Scraped caption text data
------------------------------------------------------------------------

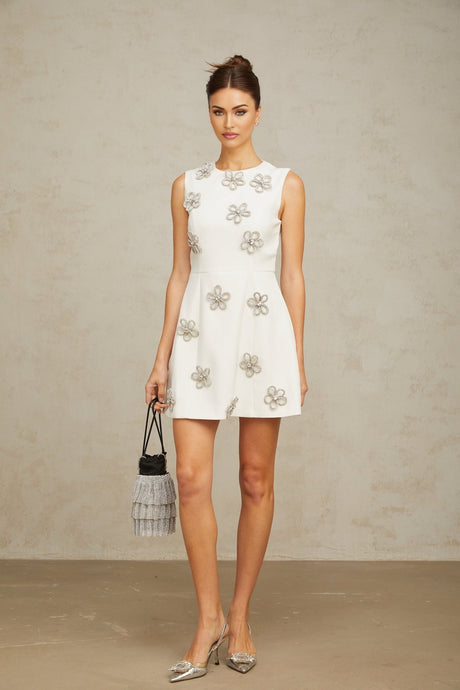 A short white mini dress with a floral pattern made of crystal embellishments featuring a delicate flower motif design throughout
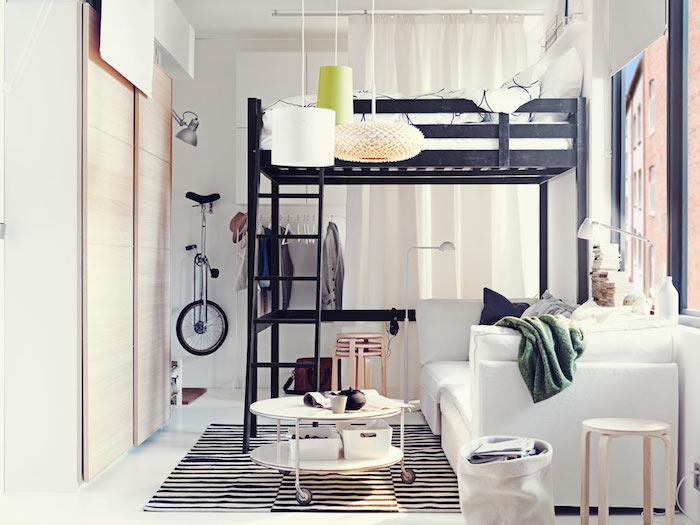 juoda aukšta lova, balta sofa ir apvalus kavos staliukas su ratukais ant zebros kilimo, baltos sienos, užuolaidos langui uždengti, spinta su medinėmis stumdomomis durimis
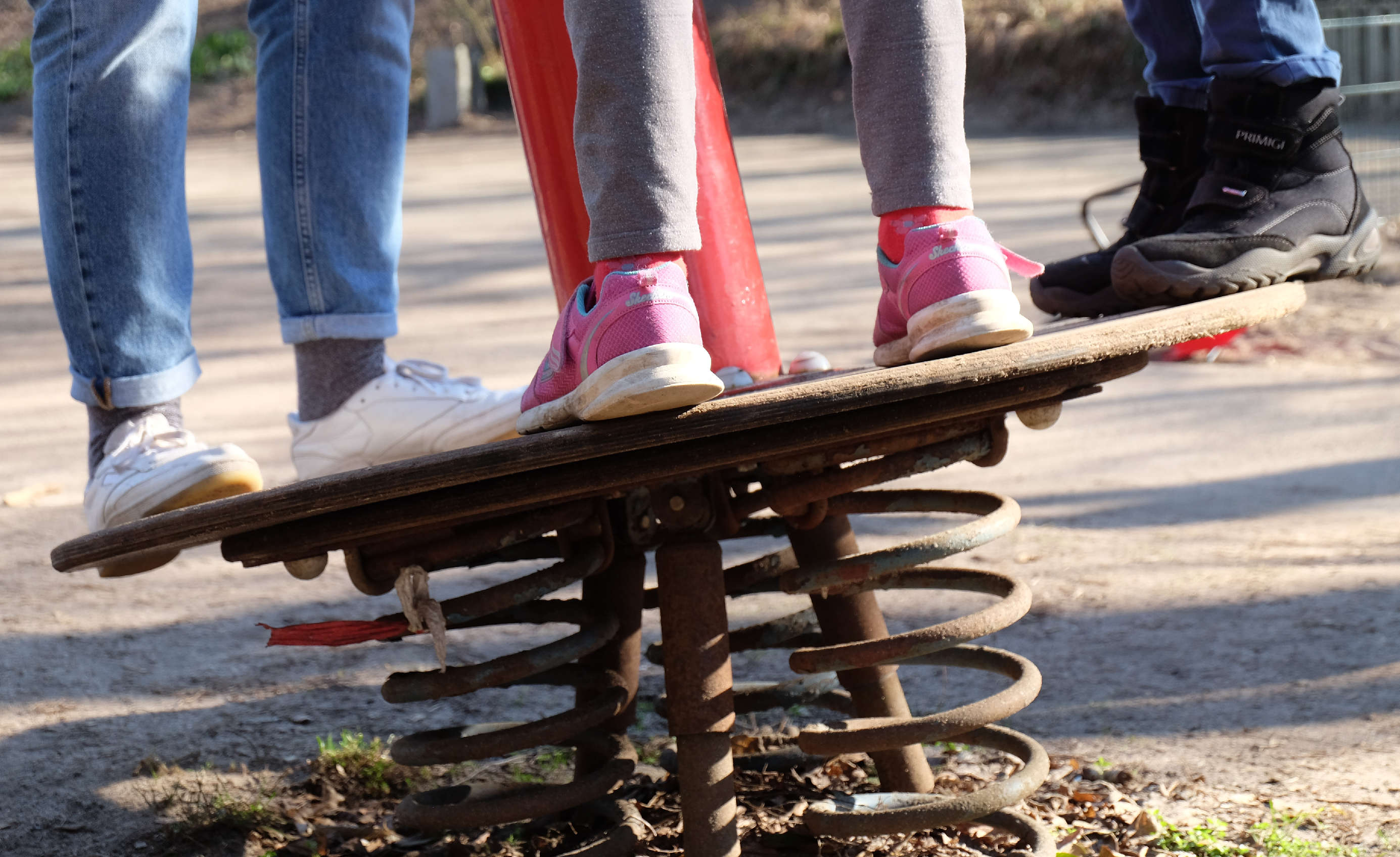 Beine von mehreren Kindern auf einer Wackelplatte auf einem Spielplatz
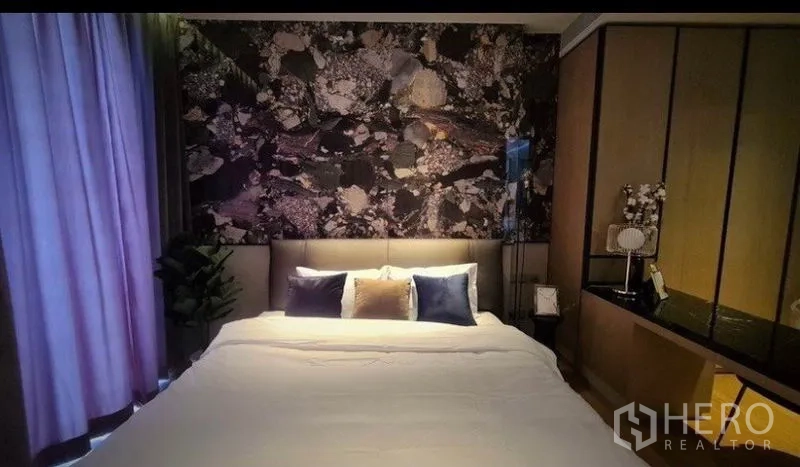 Condominium for rent in Khlong Toei, Bangkok - Bedroom at dusk highlighting the textured feature wall, soft lighting and neatly made bed.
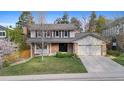 Attractive two-story home with a well-maintained lawn, brick accents, and an attached two-car garage at 8132 Lodgepole Trl, Lone Tree, CO 80124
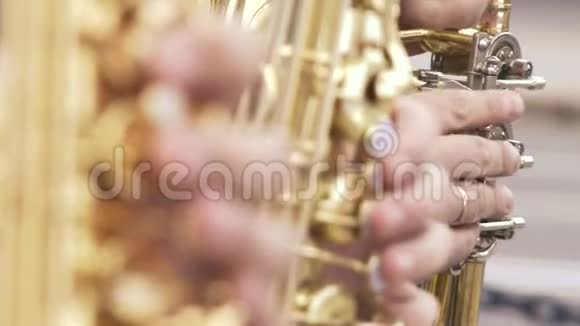 穿着夹克的萨克斯演奏家在金色萨克斯管上演奏现场表演爵士乐关注重点视频的预览图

------------------------------------------------------------------------

Would you give the entries above again verbatim, omitting the images they contain?

 A short white mini dress with a floral pattern made of crystal embellishments featuring a delicate flower motif design throughout
 juoda aukšta lova, balta sofa ir apvalus kavos staliukas su ratukais ant zebros kilimo, baltos sienos, užuolaidos langui uždengti, spinta su medinėmis stumdomomis durimis
 Beine von mehreren Kindern auf einer Wackelplatte auf einem Spielplatz
 Condominium for rent in Khlong Toei, Bangkok - Bedroom at dusk highlighting the textured feature wall, soft lighting and neatly made bed.
 Attractive two-story home with a well-maintained lawn, brick accents, and an attached two-car garage at 8132 Lodgepole Trl, Lone Tree, CO 80124
 穿着夹克的萨克斯演奏家在金色萨克斯管上演奏现场表演爵士乐关注重点视频的预览图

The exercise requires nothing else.